Jack Calareso is a senior consultant at Hyatt-Fennell Executive Search. He was president of five colleges, most recently at Laboure College in Milton, Massachusetts.
As we move through the ups and downs of the pandemic, most colleges continue to focus on enrollment, budgets and revenue in the hope that they will survive and have a successful academic year.
But maintaining fiscal stability, addressing physical and mental health, and supporting online learning is not leadership but rather crisis management. We need to act with the kind of leadership that is proactive and more concerned with issues related to the common good.
I implore higher education leaders to reflect on the following questions: Are your students maturing and developing their values? Will they be ready to confront societal challenges, whether they want to or not? Have their colleges and universities served them well?
Will you as academic leaders accept and embrace this true leadership challenge?
You must schedule the time for conversations about racism, prejudice, respect, democracy, human and civil rights and environmental protection. Attendance at these conversations must be required, not optional; regularly scheduled, not occasionally offered; and most importantly, they must be factual, objective and unbiased. We should not tell our students how to think or what to think. We can and should demand, however, that they take the time and the opportunity to think.
To serve students will take more than rhetoric and even more than leadership. It will take resources. You likely do not have the right people on your campus to lead these conversations objectively and skillfully. Let's start with who should not lead these discussions:
- Those in power roles at the institution. For example, I would be and should be disqualified. While I might try to be objective, accepting and affirming, I could not disguise or leave behind my role as a former college president, provost, dean and department head.
These roles of power and judgment would make the dialogical playing field uneven. Even if I said and believed that I was not acting as the president, no student could or should believe me.
Power roles will necessarily exclude student life personnel who make decisions over behavior and residence life, senior faculty, and department heads who influence tenure, promotion or continued employment.
- Those with functional bias in their roles. This excludes anyone who is employed to advocate for a position or known for their values and convictions based on position, discipline, research or community engagement.
This would exclude diversity officers, student life co-curriculum leaders and many faculty members. Diversity officers are hired to advocate for their positions and priorities. While faculty need the protection of academic freedom to bring integrity to their scholarship and teaching, this does not correlate with leading these critical student sessions. And student life professionals are those on campuses most often passionate about their beliefs and views.
- Anyone who might be openly judgmental in learning about students' true values and ideas. If this program is successful, students will share and discuss openly and fully. They should not be inhibited because of who is in the room, and the leader in the room should not be put in an awkward position or inherently violate students' privacy rights.
So, who is left on campus? Likely no one. You will need to dedicate new resources.
Leaders of these discussions should be independent individuals skilled in facilitating discussions and available for follow-up conversations with individual students and small groups. They need to have counseling skills to help students work through the unavoidable conflicts and emotions.
These leaders also need the time to research and study. They will need to learn about your students and must immerse themselves in the issues. They need not be knowledgeable about every issue, every cultural bias or every historical perspective that will be raised. Their primary goal is to successfully engage students in open and honest discussion and reflection.
These leaders will also need a budget for support staff to organize this "citizenship project" and secure resources for students. Resources will include materials and technology as well as experts who can provide content and context. Resources will necessarily include the costs of travel to experience history and the meaning of citizenship. At a minimum, for example, every student might need to travel to Washington, D.C., to experience the heart of our democracy with visits to historical sites such as the National Museum of African American History and Culture and the Holocaust Memorial Museum.

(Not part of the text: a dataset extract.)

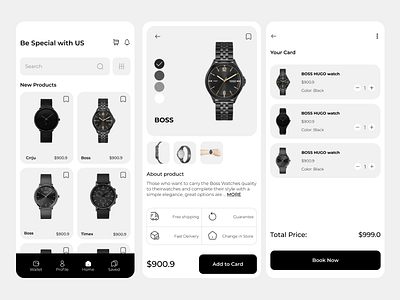 Watch Store app application black blackandwhite branding graphic design minimal store ui userexperience watch white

President Harry Truman once stated, "In periods where there is no leadership, society stands still."
We have ample evidence that we cannot afford for society to stand still. We cannot afford to focus on management and forfeit the responsibility to lead our students.
I also know that the greatest minds and the most able leaders can be found in the repository known as American higher education. I urge you to make citizenship and student development your top priority. I guarantee that it is the best use of your time and resources. Your students need this, and the world needs this.